Create a minimal Kedro project¶

This documentation aims to explain the essential components of a minimal Kedro project. While most users typically start with a project template or adapt an existing Python project, this guide begins with a blank project and gradually introduces the necessary elements. This will help you understand the core concepts and how to customise them to suit your specific needs.

Essential components of a Kedro project¶

Kedro is a Python framework designed for creating reproducible data engineering and data science code. A typical Kedro project consists of two parts, the mandatory structure and the opinionated project structure.

1. Recommended structure¶

Kedro projects follow a specific directory structure that promotes best practices for collaboration and maintenance. The default structure includes:

Directory/File	Description
`conf/`	Contains configuration files such as `catalog.yml` and `parameters.yml`.
`data/`	Local project data, typically not committed to version control.
`docs/`	Project documentation files.
`notebooks/`	Jupyter notebooks for experimentation and prototyping.
`src/`	Source code for the project, including pipelines and nodes.
`README.md`	Project overview and instructions.
`pyproject.toml`	Metadata about the project, including dependencies.
`.gitignore`	Specifies files and directories to be ignored by Git.

2. Mandatory files¶

For a project to be recognised as a Kedro project and support running kedro run, it must contain three essential files: - pyproject.toml: Defines the python project - settings.py: Defines project settings, including library component registration. - pipeline_registry.py: Registers the project's pipelines.

If you want to see some examples of these files, you can either create a project with kedro new or check out the project template on GitHub

`pyproject.toml`¶

The pyproject.toml file is a crucial component of a Kedro project that serves as the standard way to store build metadata and tool settings for Python projects. It defines the project's configuration and ensures proper integration with various tools and libraries.

In particular, Kedro requires the [tool.kedro] section in pyproject.toml. This describes the project metadata in the project.

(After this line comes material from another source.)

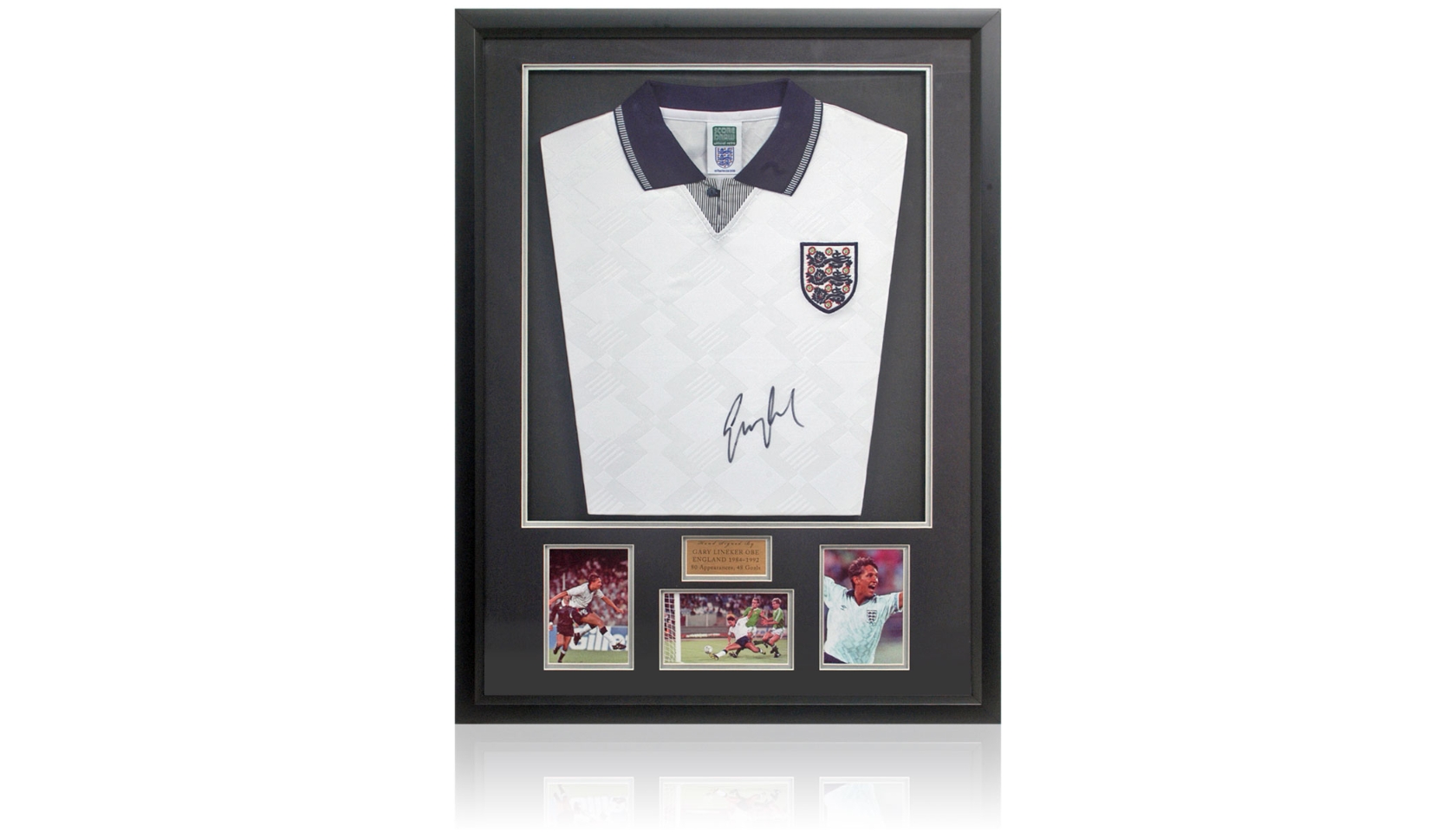 : Exclusive Memorabilia Gary Lineker Signed England 1986 Soccer  Jersey. Superior Frame : Collectibles & Fine Art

Typically, it looks like this:

[tool.kedro]
package_name = "package_name"
project_name = "project_name"
kedro_init_version = "kedro_version"
tools = ""
example_pipeline = "False"
source_dir = "src"

This informs Kedro where to look for the source code, settings.py and pipeline_registry.py are.

`settings.py`¶

The settings.py file is an important configuration file in a Kedro project that allows you to define various settings and hooks for your project. Here’s a breakdown of its purpose and functionality: - Project Settings: This file is where you can configure project-wide settings, such as defining the logging level, setting environment variables, or specifying paths for data and outputs. - Hooks Registration: You can register custom hooks in settings.py, which are functions that can be executed at specific points in the Kedro pipeline lifecycle (for example, before or after a node runs). This is useful for adding additional functionality, such as logging or monitoring. - Integration with Plugins: If you are using Kedro plugins, settings.py can also be utilised to configure them appropriately.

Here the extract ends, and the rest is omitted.